● **Your instructions**: With the pictures left out, write out exactly the lines of the listing below that run from the line with "We store the" through the line with "And off we go.".

● **Material for this task**:

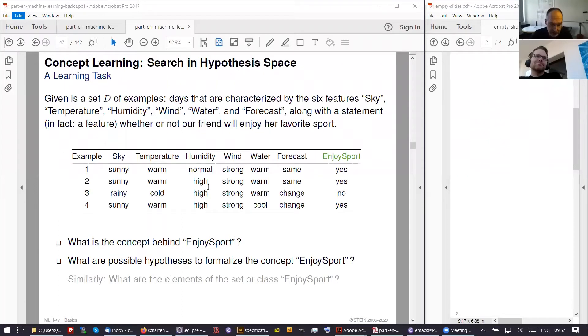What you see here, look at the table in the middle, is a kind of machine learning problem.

* * *

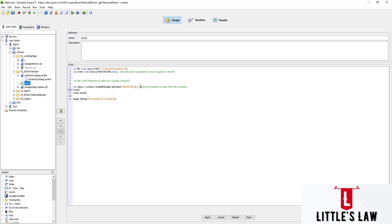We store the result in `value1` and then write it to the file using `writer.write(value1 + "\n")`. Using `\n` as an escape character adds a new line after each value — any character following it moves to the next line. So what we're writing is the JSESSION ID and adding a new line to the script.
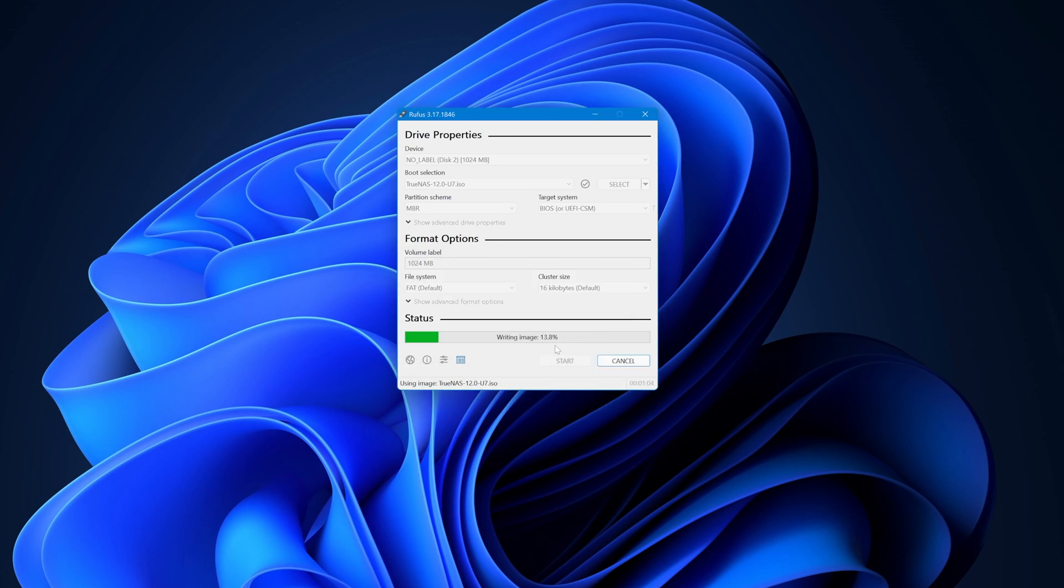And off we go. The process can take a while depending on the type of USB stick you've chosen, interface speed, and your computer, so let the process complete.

● **Response box**:
We store the result in `value1` and then write it to the file using `writer.write(value1 + "\n")`. Using `\n` as an escape character adds a new line after each value — any character following it moves to the next line. So what we're writing is the JSESSION ID and adding a new line to the script.
And off we go. The process can take a while depending on the type of USB stick you've chosen, interface speed, and your computer, so let the process complete.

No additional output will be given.